• _Exercise description_:
From the entries below, output the line with "Preterax 5 /" and each following line up to and including the line with "Trendy Korean Style", exactly as written.

┌──

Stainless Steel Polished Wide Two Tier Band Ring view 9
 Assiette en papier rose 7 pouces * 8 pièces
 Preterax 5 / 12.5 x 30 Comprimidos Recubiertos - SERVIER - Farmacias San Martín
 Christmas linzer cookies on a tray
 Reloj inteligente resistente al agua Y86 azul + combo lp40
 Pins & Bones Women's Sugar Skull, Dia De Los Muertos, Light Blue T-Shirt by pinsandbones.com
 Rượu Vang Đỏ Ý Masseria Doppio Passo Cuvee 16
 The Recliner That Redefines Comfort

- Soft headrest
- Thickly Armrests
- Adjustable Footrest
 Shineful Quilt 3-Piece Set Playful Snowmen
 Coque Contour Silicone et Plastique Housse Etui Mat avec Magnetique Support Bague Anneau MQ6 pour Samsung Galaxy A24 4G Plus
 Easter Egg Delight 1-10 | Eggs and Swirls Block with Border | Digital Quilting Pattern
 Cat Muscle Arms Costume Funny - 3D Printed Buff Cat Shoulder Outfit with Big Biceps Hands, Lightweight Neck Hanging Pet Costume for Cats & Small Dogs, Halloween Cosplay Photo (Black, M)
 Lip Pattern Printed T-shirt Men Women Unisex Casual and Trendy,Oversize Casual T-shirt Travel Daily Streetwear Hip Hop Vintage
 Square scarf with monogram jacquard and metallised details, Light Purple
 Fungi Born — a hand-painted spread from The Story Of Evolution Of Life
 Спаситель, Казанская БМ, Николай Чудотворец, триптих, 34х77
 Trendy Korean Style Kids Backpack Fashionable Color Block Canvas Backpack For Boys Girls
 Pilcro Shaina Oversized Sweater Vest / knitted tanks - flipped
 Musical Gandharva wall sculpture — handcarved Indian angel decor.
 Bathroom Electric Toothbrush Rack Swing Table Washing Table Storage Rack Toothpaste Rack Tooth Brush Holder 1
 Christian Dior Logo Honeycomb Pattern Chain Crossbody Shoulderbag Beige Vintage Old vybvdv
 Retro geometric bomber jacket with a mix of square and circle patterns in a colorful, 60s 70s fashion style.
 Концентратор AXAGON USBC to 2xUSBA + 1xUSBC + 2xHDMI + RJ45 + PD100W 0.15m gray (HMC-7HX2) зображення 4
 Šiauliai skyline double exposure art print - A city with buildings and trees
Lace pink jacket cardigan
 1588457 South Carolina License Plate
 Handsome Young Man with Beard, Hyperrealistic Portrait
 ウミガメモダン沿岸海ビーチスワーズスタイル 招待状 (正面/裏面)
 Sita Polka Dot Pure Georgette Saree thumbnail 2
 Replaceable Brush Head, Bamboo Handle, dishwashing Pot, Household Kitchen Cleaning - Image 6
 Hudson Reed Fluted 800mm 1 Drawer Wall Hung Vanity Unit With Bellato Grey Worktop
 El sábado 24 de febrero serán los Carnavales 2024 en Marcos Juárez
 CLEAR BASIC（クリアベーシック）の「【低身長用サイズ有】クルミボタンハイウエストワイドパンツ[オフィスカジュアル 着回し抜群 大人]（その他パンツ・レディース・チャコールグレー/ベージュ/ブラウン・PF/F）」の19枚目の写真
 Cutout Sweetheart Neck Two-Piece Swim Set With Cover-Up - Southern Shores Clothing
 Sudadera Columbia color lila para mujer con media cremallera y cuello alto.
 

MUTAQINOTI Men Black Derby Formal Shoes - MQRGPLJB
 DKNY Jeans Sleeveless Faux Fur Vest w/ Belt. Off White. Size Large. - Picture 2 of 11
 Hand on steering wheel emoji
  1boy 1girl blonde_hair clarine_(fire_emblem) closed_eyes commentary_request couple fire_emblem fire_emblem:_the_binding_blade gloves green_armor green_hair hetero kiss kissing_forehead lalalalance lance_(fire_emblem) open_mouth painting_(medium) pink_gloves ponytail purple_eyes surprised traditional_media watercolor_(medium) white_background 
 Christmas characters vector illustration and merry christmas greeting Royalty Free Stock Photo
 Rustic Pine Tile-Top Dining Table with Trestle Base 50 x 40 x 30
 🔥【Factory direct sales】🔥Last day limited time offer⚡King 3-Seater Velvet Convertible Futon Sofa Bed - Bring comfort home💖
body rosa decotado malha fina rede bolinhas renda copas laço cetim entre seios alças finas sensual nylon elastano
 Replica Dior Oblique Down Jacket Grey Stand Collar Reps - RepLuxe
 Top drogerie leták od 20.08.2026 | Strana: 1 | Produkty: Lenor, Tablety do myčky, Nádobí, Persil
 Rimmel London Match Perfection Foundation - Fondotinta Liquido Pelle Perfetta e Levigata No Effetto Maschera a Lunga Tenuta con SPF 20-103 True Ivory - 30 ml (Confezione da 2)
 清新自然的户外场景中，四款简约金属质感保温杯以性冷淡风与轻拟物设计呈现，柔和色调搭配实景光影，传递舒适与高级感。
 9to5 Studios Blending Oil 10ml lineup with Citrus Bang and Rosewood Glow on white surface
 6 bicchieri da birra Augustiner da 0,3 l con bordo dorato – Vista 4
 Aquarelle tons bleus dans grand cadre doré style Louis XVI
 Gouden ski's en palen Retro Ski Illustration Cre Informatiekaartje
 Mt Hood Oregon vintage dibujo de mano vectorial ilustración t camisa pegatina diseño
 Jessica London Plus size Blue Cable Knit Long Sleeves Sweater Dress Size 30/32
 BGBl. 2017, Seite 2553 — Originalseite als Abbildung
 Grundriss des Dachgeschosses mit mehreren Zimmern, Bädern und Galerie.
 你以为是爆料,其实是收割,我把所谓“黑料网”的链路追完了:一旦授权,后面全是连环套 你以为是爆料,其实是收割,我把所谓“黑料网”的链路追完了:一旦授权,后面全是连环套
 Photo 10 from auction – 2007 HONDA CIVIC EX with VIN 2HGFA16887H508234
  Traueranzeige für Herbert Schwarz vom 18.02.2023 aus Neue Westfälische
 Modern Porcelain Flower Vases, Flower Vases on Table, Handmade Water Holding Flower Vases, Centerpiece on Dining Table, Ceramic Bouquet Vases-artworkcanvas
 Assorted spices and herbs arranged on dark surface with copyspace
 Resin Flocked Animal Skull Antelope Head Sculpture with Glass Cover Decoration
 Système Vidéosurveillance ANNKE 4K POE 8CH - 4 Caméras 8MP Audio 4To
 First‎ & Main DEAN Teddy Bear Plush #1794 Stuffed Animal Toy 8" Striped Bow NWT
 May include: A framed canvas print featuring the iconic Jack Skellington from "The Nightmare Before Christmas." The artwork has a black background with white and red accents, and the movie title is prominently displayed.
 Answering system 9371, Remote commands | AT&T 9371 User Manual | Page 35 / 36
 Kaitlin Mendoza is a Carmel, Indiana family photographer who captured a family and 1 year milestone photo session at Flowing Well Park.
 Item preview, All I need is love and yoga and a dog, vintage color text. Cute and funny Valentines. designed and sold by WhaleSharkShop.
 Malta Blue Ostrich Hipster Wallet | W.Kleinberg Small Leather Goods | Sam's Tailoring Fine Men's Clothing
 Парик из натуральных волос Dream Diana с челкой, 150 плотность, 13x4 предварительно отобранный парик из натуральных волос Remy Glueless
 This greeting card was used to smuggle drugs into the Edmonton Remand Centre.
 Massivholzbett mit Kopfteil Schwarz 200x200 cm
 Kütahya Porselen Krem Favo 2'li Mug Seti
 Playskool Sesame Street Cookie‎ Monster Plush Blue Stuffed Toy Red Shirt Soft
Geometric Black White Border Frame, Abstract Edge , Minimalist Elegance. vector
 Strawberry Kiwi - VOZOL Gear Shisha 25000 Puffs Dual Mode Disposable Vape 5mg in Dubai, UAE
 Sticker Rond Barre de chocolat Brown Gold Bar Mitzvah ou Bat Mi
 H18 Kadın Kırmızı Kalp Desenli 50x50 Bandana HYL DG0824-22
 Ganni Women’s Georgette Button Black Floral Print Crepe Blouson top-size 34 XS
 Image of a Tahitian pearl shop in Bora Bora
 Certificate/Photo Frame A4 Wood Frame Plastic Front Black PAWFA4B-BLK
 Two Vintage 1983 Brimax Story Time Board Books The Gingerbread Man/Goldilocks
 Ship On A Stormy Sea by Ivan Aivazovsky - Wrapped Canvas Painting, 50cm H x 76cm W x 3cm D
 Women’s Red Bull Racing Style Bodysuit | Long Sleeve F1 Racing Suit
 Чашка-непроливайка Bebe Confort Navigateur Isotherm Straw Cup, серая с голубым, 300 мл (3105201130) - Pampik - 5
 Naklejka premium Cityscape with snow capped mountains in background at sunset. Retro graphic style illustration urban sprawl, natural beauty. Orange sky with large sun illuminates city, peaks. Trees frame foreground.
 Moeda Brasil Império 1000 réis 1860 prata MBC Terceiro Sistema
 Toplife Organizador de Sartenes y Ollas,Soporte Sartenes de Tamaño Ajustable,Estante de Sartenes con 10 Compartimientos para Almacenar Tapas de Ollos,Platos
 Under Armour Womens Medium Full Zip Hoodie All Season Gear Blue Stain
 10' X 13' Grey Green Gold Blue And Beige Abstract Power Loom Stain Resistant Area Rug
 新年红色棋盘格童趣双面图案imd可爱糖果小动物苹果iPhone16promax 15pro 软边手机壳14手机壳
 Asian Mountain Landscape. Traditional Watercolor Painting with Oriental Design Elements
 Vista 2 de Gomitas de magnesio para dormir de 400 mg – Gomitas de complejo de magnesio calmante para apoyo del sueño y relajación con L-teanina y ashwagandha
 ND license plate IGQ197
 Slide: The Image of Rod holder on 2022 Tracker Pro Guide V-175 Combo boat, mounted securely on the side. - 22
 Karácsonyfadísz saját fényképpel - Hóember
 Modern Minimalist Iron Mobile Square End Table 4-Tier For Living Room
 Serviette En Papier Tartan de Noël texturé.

└──

• _Finished exercise_:
 Preterax 5 / 12.5 x 30 Comprimidos Recubiertos - SERVIER - Farmacias San Martín
 Christmas linzer cookies on a tray
 Reloj inteligente resistente al agua Y86 azul + combo lp40
 Pins & Bones Women's Sugar Skull, Dia De Los Muertos, Light Blue T-Shirt by pinsandbones.com
 Rượu Vang Đỏ Ý Masseria Doppio Passo Cuvee 16
 The Recliner That Redefines Comfort

- Soft headrest
- Thickly Armrests
- Adjustable Footrest
 Shineful Quilt 3-Piece Set Playful Snowmen
 Coque Contour Silicone et Plastique Housse Etui Mat avec Magnetique Support Bague Anneau MQ6 pour Samsung Galaxy A24 4G Plus
 Easter Egg Delight 1-10 | Eggs and Swirls Block with Border | Digital Quilting Pattern
 Cat Muscle Arms Costume Funny - 3D Printed Buff Cat Shoulder Outfit with Big Biceps Hands, Lightweight Neck Hanging Pet Costume for Cats & Small Dogs, Halloween Cosplay Photo (Black, M)
 Lip Pattern Printed T-shirt Men Women Unisex Casual and Trendy,Oversize Casual T-shirt Travel Daily Streetwear Hip Hop Vintage
 Square scarf with monogram jacquard and metallised details, Light Purple
 Fungi Born — a hand-painted spread from The Story Of Evolution Of Life
 Спаситель, Казанская БМ, Николай Чудотворец, триптих, 34х77
 Trendy Korean Style Kids Backpack Fashionable Color Block Canvas Backpack For Boys Girls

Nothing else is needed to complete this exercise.